Accepts npy-dirs (recommended), h5 files or zarr files.
See documentation for how the dataset should be organized.
x_suffix (str): Select dataset used for training in the data_dir by suffix (`y_` + X_SUFFIX).
Defaults to '' (will use the standard data 'x')
y_suffix (str): Select dataset used as a training target in the data_dir by suffix (`y_` + Y_SUFFIX).
Song-type specific targets can be created with a training dataset,
Defaults to '' (will use the standard target 'y')
save_dir (str): Directory to save training outputs.
The path of output files will constructed from the SAVE_DIR, an optional SAVE_PREFIX,
and the time stamp of the start of training.
Defaults to the current directory ('./').
save_prefix (Optional[str]): Prepend to timestamp.
Name of files created will be start with SAVE_DIR/SAVE_PREFIX + "_" + TIMESTAMP
or with SAVE_DIR/TIMESTAMP if SAVE_PREFIX is empty.
Defaults to '' (empty).
save_name (Optional[str]): Append to prefix.
Name of files created will be start with SAVE_DIR/SAVE_PREFIX + "_" + SAVE_NAME
or with SAVE_DIR/SAVE_NAME if SAVE_PREFIX is empty.
Defaults to TIMESTAMP.
model_name (str): Network architecture to use.
Use `tcn` (TCN) or `tcn_stft` (TCN with STFT frontend).
See das.models for a description of all models.
Defaults to `tcn`.
nb_filters (int): Number of filters per layer.
Defaults to 16.
kernel_size (int): Duration of the filters (=kernels) in samples.
Defaults to 16.
nb_conv (int): Number of TCN blocks in the network.
Defaults to 3.
use_separable (List[bool]): Specify which TCN blocks should use separable convolutions.
Provide as a space-separated sequence of "False" or "True.
For instance: "True False False" will set the first block in a
three-block (as given by nb_conv) network to use separable convolutions.
Defaults to False (no block uses separable convolutions).
nb_hist (int): Number of samples processed at once by the network (a.k.a chunk duration).
Defaults to 1024 samples.
ignore_boundaries (bool): Minimize edge effects by discarding predictions at the edges of chunks.
Defaults to True.
batch_norm (bool): Batch normalize.
Defaults to True.
nb_pre_conv (int): Adds fronted with downsampling.

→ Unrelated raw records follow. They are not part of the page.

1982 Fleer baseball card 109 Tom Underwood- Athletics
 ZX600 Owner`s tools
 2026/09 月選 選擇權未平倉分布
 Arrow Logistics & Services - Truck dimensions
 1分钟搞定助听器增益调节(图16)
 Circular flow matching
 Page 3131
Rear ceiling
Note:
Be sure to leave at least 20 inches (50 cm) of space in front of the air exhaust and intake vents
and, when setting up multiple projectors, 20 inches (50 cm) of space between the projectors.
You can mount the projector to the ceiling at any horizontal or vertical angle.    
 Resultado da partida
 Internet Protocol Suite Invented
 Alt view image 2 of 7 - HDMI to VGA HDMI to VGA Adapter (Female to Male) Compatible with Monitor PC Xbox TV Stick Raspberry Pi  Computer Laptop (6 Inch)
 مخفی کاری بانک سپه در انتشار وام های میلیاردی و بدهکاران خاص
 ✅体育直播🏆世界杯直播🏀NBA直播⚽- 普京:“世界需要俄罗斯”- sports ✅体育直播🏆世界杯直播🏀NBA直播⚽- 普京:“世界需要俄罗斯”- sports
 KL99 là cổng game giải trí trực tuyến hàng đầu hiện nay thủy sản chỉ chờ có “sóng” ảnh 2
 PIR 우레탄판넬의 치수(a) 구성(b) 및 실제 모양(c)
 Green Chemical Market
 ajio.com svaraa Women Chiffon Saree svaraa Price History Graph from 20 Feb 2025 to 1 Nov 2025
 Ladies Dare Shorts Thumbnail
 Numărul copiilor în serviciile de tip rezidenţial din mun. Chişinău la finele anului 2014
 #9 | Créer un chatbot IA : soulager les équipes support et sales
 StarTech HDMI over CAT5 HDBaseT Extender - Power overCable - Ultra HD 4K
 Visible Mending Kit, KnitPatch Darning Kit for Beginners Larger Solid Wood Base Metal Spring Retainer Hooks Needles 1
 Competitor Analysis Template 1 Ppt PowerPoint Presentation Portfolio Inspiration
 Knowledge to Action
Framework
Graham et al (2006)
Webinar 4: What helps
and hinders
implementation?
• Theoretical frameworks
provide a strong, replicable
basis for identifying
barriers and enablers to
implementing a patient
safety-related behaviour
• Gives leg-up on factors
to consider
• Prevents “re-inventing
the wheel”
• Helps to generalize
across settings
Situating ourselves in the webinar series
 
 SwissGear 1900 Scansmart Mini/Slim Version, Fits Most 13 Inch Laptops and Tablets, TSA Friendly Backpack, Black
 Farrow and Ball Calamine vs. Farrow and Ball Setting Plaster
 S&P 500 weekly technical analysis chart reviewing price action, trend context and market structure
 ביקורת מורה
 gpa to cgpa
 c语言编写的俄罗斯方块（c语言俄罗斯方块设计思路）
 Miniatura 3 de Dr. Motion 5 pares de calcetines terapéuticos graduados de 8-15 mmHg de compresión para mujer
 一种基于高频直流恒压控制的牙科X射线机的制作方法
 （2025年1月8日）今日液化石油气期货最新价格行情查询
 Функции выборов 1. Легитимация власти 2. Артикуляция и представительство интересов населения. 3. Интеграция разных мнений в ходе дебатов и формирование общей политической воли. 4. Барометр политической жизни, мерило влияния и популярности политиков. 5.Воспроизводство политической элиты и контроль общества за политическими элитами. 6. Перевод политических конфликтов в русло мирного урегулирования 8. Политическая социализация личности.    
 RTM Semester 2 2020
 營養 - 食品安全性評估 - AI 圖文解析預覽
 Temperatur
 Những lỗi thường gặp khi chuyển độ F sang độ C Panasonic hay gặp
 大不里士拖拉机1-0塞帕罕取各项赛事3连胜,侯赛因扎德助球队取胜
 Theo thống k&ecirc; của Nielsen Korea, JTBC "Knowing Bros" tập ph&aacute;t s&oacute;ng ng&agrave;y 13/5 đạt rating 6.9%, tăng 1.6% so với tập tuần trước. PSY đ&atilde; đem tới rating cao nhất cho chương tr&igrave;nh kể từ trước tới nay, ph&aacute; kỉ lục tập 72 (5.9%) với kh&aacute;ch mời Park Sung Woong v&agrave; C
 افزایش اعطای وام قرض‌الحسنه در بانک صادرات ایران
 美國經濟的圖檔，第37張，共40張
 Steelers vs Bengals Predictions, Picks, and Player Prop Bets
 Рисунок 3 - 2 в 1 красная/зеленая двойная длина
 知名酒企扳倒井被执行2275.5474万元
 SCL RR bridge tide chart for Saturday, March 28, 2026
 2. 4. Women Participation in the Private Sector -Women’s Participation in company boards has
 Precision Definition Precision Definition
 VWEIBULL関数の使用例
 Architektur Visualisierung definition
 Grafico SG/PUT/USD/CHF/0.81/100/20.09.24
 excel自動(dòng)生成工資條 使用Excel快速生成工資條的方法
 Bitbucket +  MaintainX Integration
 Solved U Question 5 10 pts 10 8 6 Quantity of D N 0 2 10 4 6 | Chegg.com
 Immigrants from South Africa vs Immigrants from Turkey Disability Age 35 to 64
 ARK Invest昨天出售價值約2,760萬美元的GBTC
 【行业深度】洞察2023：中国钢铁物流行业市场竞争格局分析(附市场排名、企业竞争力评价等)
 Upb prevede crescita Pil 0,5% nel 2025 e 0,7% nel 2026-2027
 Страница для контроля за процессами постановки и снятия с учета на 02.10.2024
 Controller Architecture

The downsampling factor is `2**nb_pre_conv`.
The type of frontend depends on the model:
if model is `tcn`: adds a frontend of N conv blocks (conv-relu-batchnorm-maxpool2) to the TCN.
if model is `tcn_tcn`: adds a frontend of N TCN blocks to the TCN.
if model is `tcn_stft`: adds a trainable STFT frontend.
Defaults to 0 (no frontend, no downsampling).
pre_nb_dft (int): Duration of filters (in samples) for the STFT frontend.
Number of filters is pre_nb_dft // 2 + 1.
Defaults to 64.
pre_nb_filters (int): Number of filters per layer in the pre-processing TCN.
Defaults to 16.
pre_kernel_size (int): Duration of filters (=kernels) in samples in the pre-processing TCN.
Defaults to 3.
upsample (bool): whether or not to restore the model output to the input samplerate.
Should generally be True during training and evaluation but my speed up inference.
Defaults to True.
dilations (List[int]): List of dilation rate, defaults to [1, 2, 4, 8, 16] (5 layer with 2x dilation per TCN block)
nb_lstm_units (int): If >0, adds LSTM with `nb_lstm_units` LSTM units to the output of the stack of TCN blocks.
Defaults to 0 (no LSTM layer).
verbose (int): Verbosity of training output (0 - no output during training, 1 - progress bar, 2 - one line per epoch).
Defaults to 2.
batch_size (int): Batch size
Defaults to 32.
nb_epoch (int): Maximal number of training epochs.
Training will stop early if validation loss did not decrease in the last 20 epochs.
Defaults to 400.
learning_rate (Optional[float]): Learning rate of the model. Defaults should work in most cases.
Values typically range between 0.1 and 0.00001.
If None, uses model specific defaults: `tcn` 0.0001, `tcn_stft` and `tcn_tcn` 0.0005.
Defaults to None.
reduce_lr (bool): Reduce learning rate when the validation loss plateaus.
Defaults to False.
reduce_lr_patience (int): Number of epochs w/o a reduction in validation loss after which
to trigger a reduction in learning rate.
Defaults to 5 epochs.
fraction_data (Optional[float]): Fraction of training and validation data to use.
Defaults to 1.0.
seed (Optional[int]): Random seed to reproducibly select fractions of the data.
Defaults to None (no seed).
batch_level_subsampling (bool): Select fraction of data for training from random subset of shuffled batches.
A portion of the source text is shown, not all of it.